The Defendant contends that any compliance or non-compliance of the Award or Decision of the Trade Disputes Committee constitutes a further trade dispute and should be taken to the Arbitration Tribunal after following the Disputes Procedure set out in the Trade Disputes Act Cap. 97. That Act makes no provision for matters to be brought to the High Court. It is submitted that the only way Awards or Decisions of a Disputes Committee can come to the High Court is by way of Judicial Review and then only with a view to setting aside the Award or Decision on the established grounds on which Judicial Review will be granted. It is submitted that there is no procedure for an Award or Decision of a Trade Disputes Committee to be enforced by way of Originating Summons.
Order 5 Rule 3 of the High Court Rules reads as follows:
"Proceedings by which an application is to be made to the High Court or a judge thereof under any Act must be begun by originating summons except where by these Rules or by or under any Act the application in question is expressly required or authorised to be made by some other means."
Thus it is submitted this application is misconceived and not properly before this Court which is invited to refer the dispute back to follow the disputes procedure.
It is further submitted that under the Arbitration Act Cap 38 arbitrations under that Act may be referred to the High Court for enforcement with leave (my emphasis). Reliance is placed on Section 13(1) which reads:
"An award on a submission may by leave of the court be enforced in the same manner as a judgment or order to the same effect."
It is submitted that this procedure is available strictly for Arbitration Awards made under the Arbitration Act and not to Awards made under the Trade Disputes Act. It therefore follows according to the Defendant that if Parliament had intended enforcement of Awards under the Trade Disputes Act to be made by the High Court then a similar provision would have been inserted in that Act. It is true as counsel submits, that as far as I know there are no cases in which such an application has been made before. On its face this is an attractive submission and appears in the absence of any other authority to give some weight to the opening sentence of the Defendant's submission that this is a nebulous case.
But appearances can be deceptive. In my judgment the submission ignores the effect of Sections 33(2) and (3) and 41(1) of the Constitution and three decisions, that of the High Court of Australia in Minister of State for Immigration & Ethnic Affairs v. Ah Hin Teoh [1995] HCA 20; (1995) 183 CLR 273; Surya Prakash v. Shirley Reshmi Narayan Civil Appeal HBA0001J.99L Unrep. High Court Lautoka; Epeli Seniloli & Another v. Semi Voliti Civil Appeal HBA0033.99S.
Section 33(2) of the Constitution gives workers and employers the right to organise and bargain collectively.
Sub-section (3) then provides that everyone has the right to fair labour practices.
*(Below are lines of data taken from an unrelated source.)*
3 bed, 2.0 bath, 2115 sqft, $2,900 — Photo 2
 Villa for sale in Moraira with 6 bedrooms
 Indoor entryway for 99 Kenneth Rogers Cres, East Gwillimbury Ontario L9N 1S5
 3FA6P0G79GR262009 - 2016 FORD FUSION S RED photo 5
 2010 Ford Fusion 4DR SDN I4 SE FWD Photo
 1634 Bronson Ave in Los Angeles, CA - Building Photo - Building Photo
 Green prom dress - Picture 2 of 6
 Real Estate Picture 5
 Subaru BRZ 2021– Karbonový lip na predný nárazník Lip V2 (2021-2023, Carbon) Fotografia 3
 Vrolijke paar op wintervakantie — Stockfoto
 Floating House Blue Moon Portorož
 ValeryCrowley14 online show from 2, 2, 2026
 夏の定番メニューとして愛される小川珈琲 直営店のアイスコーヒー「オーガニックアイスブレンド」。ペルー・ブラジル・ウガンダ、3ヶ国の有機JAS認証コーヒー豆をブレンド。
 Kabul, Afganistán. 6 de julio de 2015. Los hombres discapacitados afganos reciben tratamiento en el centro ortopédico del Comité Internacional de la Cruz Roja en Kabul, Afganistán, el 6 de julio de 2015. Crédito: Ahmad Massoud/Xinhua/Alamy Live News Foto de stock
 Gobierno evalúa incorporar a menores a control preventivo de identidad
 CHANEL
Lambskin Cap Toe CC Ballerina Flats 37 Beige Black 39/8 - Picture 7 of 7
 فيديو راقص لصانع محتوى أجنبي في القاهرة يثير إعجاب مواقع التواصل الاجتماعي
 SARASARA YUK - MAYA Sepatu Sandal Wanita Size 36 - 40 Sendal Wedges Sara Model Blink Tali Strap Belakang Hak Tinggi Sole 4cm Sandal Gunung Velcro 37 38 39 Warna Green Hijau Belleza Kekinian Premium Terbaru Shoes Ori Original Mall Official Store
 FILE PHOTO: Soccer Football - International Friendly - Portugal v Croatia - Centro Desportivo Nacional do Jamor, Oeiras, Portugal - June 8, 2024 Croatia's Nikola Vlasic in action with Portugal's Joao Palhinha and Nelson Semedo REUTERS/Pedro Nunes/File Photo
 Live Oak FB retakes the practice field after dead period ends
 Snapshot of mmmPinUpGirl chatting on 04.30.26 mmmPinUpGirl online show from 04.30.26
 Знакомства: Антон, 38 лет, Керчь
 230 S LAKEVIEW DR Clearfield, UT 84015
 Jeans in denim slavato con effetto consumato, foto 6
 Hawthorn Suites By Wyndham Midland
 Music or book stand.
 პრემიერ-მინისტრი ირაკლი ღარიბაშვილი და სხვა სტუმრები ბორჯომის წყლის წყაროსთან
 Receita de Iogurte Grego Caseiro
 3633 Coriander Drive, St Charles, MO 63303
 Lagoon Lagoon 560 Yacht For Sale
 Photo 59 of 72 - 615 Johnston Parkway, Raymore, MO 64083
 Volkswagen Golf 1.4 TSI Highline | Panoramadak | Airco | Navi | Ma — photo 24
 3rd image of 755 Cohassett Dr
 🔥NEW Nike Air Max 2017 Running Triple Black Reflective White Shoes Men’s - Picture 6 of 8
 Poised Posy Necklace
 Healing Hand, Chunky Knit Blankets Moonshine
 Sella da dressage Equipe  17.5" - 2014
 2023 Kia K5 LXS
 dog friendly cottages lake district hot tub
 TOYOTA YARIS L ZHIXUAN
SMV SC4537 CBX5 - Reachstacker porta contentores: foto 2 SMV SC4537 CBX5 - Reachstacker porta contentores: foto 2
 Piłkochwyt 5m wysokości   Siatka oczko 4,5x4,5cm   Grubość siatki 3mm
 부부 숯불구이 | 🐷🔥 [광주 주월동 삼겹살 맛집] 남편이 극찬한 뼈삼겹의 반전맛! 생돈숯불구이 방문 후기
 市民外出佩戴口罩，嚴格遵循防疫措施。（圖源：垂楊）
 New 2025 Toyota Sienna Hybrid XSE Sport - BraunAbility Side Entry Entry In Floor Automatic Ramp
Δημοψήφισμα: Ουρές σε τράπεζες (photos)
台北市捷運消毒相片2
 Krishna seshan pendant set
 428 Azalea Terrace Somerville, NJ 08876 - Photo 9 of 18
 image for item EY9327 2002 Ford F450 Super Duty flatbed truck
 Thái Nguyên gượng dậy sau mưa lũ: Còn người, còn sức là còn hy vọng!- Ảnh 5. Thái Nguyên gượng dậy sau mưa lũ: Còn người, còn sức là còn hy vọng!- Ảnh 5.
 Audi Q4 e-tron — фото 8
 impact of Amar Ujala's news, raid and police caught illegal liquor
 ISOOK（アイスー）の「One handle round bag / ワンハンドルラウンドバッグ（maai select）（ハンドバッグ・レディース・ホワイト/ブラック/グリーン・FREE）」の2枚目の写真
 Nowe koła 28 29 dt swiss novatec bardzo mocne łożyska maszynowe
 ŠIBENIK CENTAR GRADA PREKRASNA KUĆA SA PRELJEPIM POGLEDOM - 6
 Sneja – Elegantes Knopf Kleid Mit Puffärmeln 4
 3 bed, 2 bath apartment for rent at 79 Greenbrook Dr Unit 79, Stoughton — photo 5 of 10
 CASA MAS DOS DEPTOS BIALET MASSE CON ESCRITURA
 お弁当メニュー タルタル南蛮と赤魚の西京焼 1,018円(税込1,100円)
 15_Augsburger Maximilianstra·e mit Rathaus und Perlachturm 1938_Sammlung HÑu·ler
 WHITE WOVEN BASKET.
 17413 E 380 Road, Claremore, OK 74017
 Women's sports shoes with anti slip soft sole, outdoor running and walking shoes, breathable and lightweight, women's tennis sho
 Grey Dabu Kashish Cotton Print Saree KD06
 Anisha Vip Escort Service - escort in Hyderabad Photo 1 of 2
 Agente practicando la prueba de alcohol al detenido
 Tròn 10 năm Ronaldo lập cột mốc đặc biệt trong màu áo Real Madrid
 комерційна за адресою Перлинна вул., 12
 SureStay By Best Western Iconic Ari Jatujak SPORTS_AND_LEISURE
In my judgment that right must be deemed to include the right to enforce Awards of the Arbitration Tribunal which is the statutory body created to determine trade disputes between unions and employers and, in so doing, to pronounce on what the tribunal considers to be fair labour practices.
Section 33 is part of Chapter 4 of the Constitution which contains a Bill of Rights. So too are Sections 41 and 43 to which I shall refer in a moment. Whilst the United Kingdom does not have any written Constitution and whilst, for example, Australia does, there is as yet no Bill of Rights in the Australian Constitution although at times there have been proposals to incorporate such a Bill in the Constitution. Bearing in mind the fact that an amendment to the Australian Constitution can only be made by Referendum the history of the country shows that unless a proposed amendment is supported by all political parties, it is foredoomed to failure. In the United Kingdom which has no written Constitution and where the rights of the individual are stated either by statute or by the common law it is interesting to note that the late Lord Hailsham nearly 20 years ago expressed the view that in England the time was ripe to enact a Bill of Rights so that there could be no doubts as to the rights of individuals vis-a-vis the State and each other. England still has no Bill of Rights although in 1998 the Human Rights Act was passed which in many respects is similar to the Bill of Rights in the Constitutions of the United States of America and Canada. However the English Act is, as its Long Title states, designed "to give further effect to rights and freedoms guaranteed under the European Convention on Human Rights".
For this reason and because unlike Fiji, the United States and Canada where a Bill of Rights is incorporated in the Constitution, the English legislation, although eminently worthwhile, must lack the authority of a written Constitution which is the supreme law of the land. All that said, the important fact now is that with the recognition of the United Kingdom of the need to set out clearly the rights of individuals towards the State and each other and a similar recognition by the European community of the need for this, it is clear that courts in democracies will henceforth be obliged to recognise their duty to guard against any attempt to dilute the rights of the individual and deprive him of those rights should a narrow interpretation of legislation lead to that result. For that reason in my view to describe the Plaintiff's case here as nebulous is wrong.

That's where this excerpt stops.